*** Opening of Dataset records ***

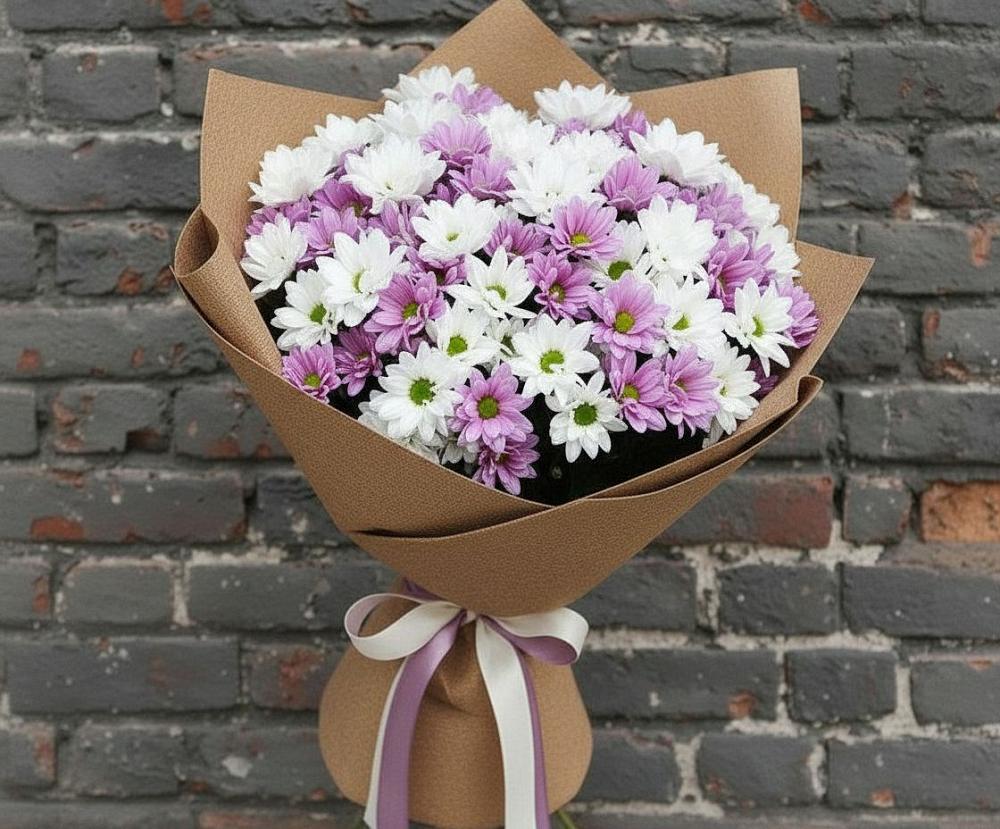 Букет цветов из: Хризантемы в Васильевке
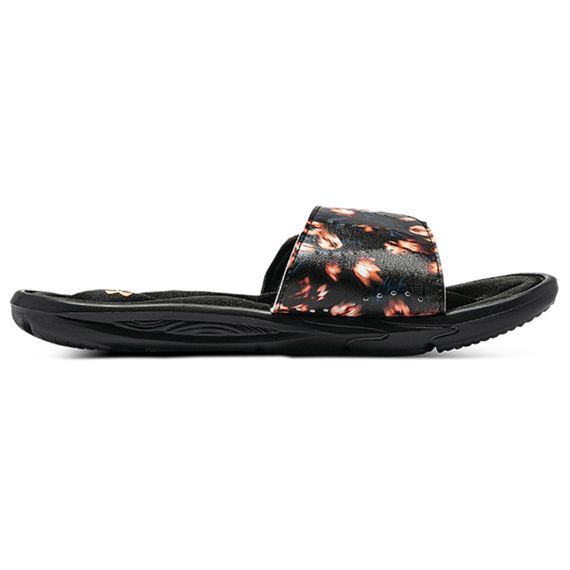 Under Armour Ignite 6 Graphic Strap Slide 'Black Afterglow'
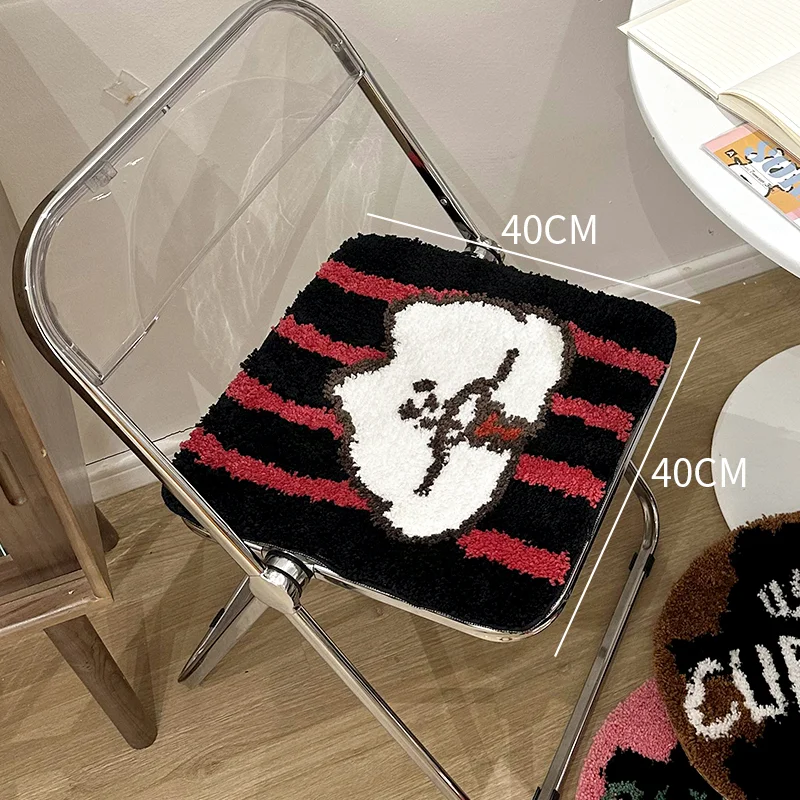 

Cartoon Туфтинговый коврик для стула 40x40 см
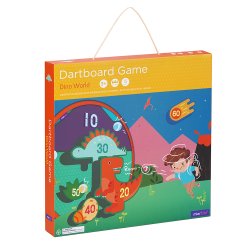 mierEdu - Dartspil med 6 bolde - Dinosaur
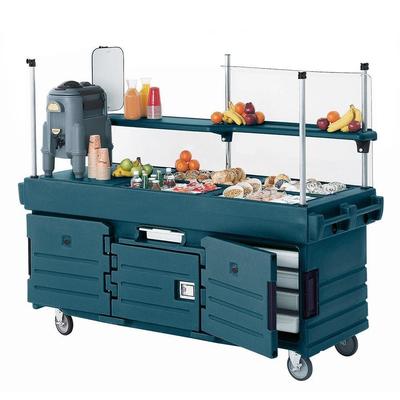 Cambro CamKiosk Vending Cart With 4 Pan Well (KVC854192) - Granite Green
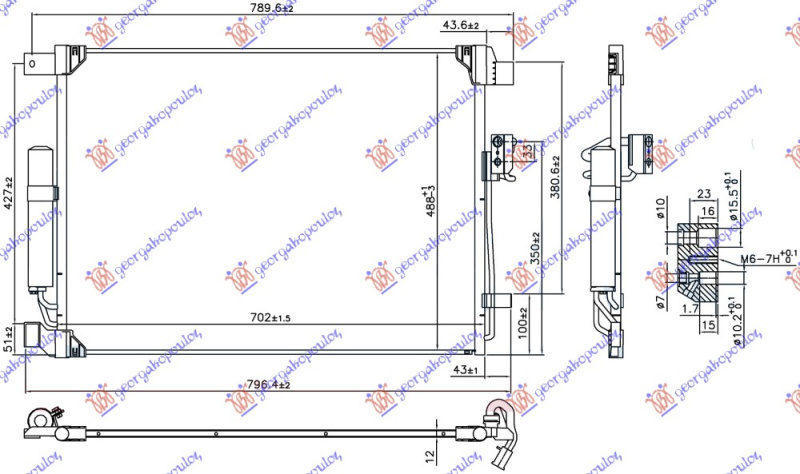 HLADNJAK KLIME 2.3 dCi DIZEL (702x488x12)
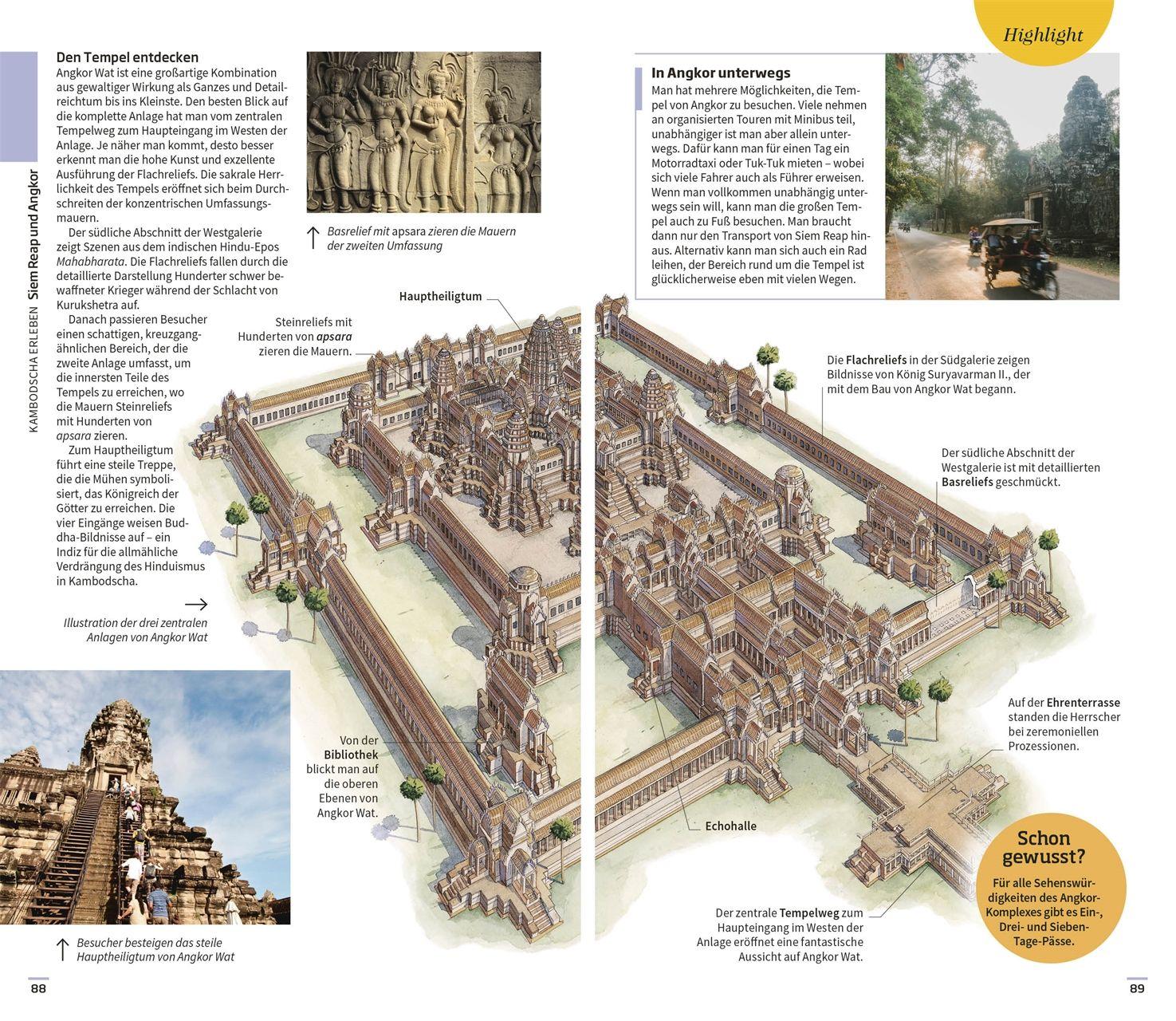 Beispielinhalt (Bild) Vis-à-Vis Reiseführer Kambodscha & Laos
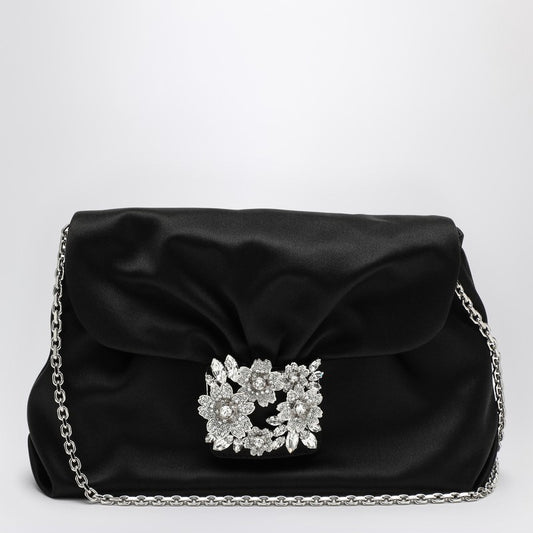 ROGER VIVIER Small Drapé bag in black satin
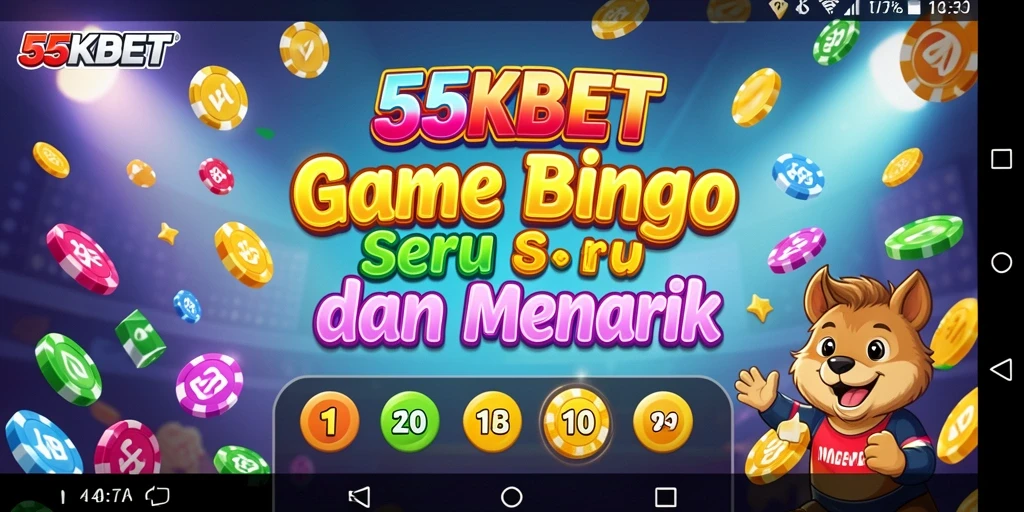 Tampilan gameplay seru 55KBET yang menantang.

*** Close of Dataset records ***

Could you reproduce all of the material exactly? Keep the pictures out of it.

 Букет цветов из: Хризантемы в Васильевке
 Under Armour Ignite 6 Graphic Strap Slide 'Black Afterglow'

Cartoon Туфтинговый коврик для стула 40x40 см
 mierEdu - Dartspil med 6 bolde - Dinosaur
 Cambro CamKiosk Vending Cart With 4 Pan Well (KVC854192) - Granite Green
 HLADNJAK KLIME 2.3 dCi DIZEL (702x488x12)
 Beispielinhalt (Bild) Vis-à-Vis Reiseführer Kambodscha & Laos
 ROGER VIVIER Small Drapé bag in black satin
 Tampilan gameplay seru 55KBET yang menantang.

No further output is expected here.